Außergewöhnliche Frauenfiguren sind sie, die Protagonistinnen von Amirpour: das Mädchen, das des Nachts durch die islamische Stadt streift und misogyne Männer heimsucht, eine Sexarbeiterin, die auswandern will, eine selbstbewusste Tochter aus gutem Hause, die ihre Nächte auf Partydrogen durchfeiert, schließlich eine Transsexuelle, die jeden Tag an einer Straßenecke steht und zu warten scheint. Der Film zeigt autonome und starke Frauen, die ihren eigenen Weg gehen. Daran, wie eigenmächtig die Protagonistinnen ihr Leben gestalten, zeigt sich exemplarisch, wie komplex strukturiert auch autoritär-islamische Gesellschaften sind. Und dass es dort selbstverständlich starke, selbstbewusste Frauen gibt, die täglich kämpfen. Amirpour hat sie nicht vergessen, die Rebellinnen im Iran, und räumt ihnen einen wichtigen Platz in ihrem Märchen ein.

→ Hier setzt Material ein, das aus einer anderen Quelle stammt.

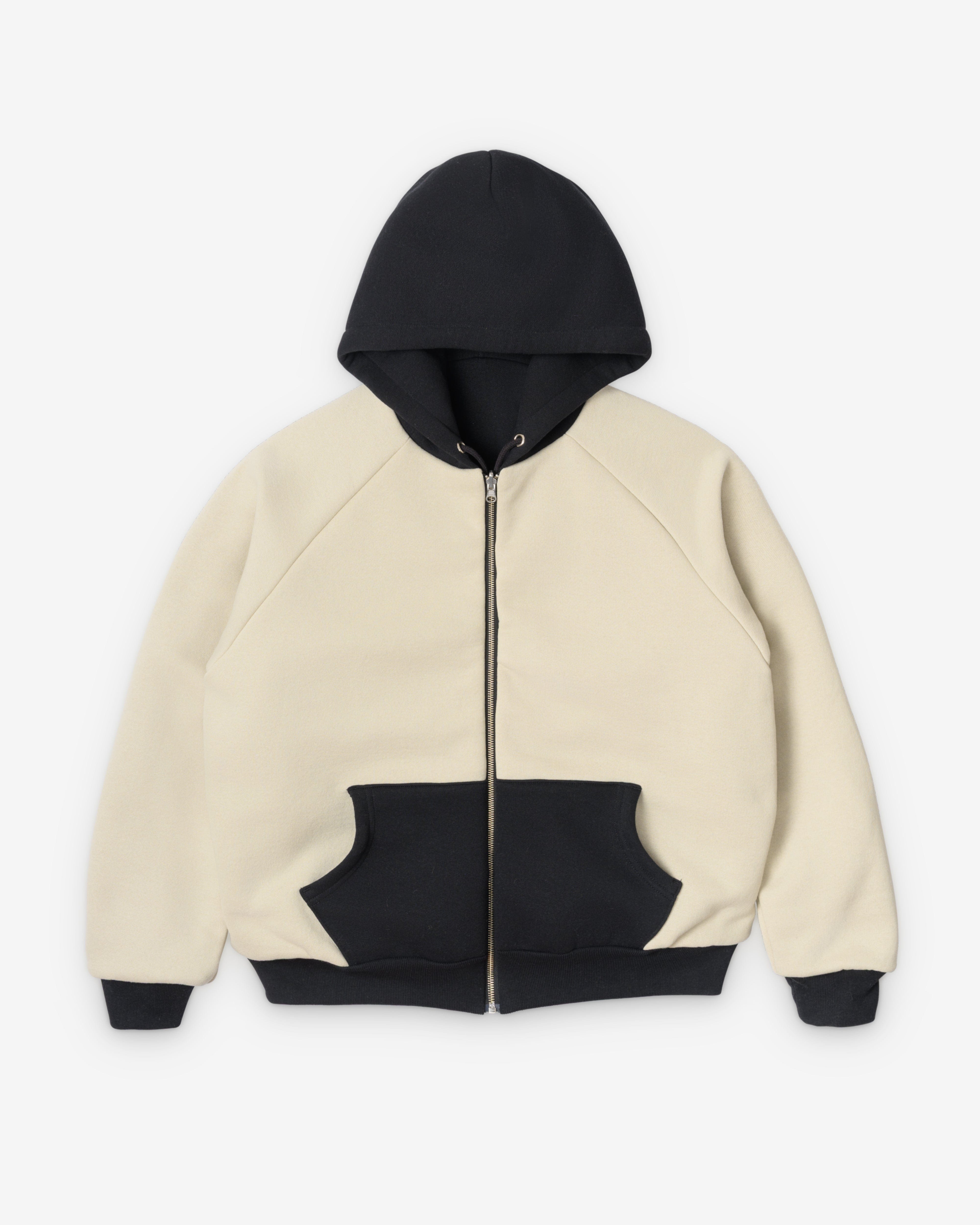 CEASE - Men's Reversible Zip Hoodie - (Black)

Obwohl die Einblicke in den surrealen Alltag der Protagonistinnen traumverloren und melancholisch bleiben, offenbart sich paradoxerweise dennoch eine Perspektive. Sie liegt, so schnöde und kitschig es auch klingen mag, in der Beziehungsfähigkeit der Figuren. Genau das hat auch den Film möglich gemacht: ein langsamer Aufbruch aus verkrusteten Strukturen und der Mut, gemeinsam anders zu sein. Ana Lily Amirpour appelliert mit ihrem Film nicht nur an iranische Frauen: Take back the night!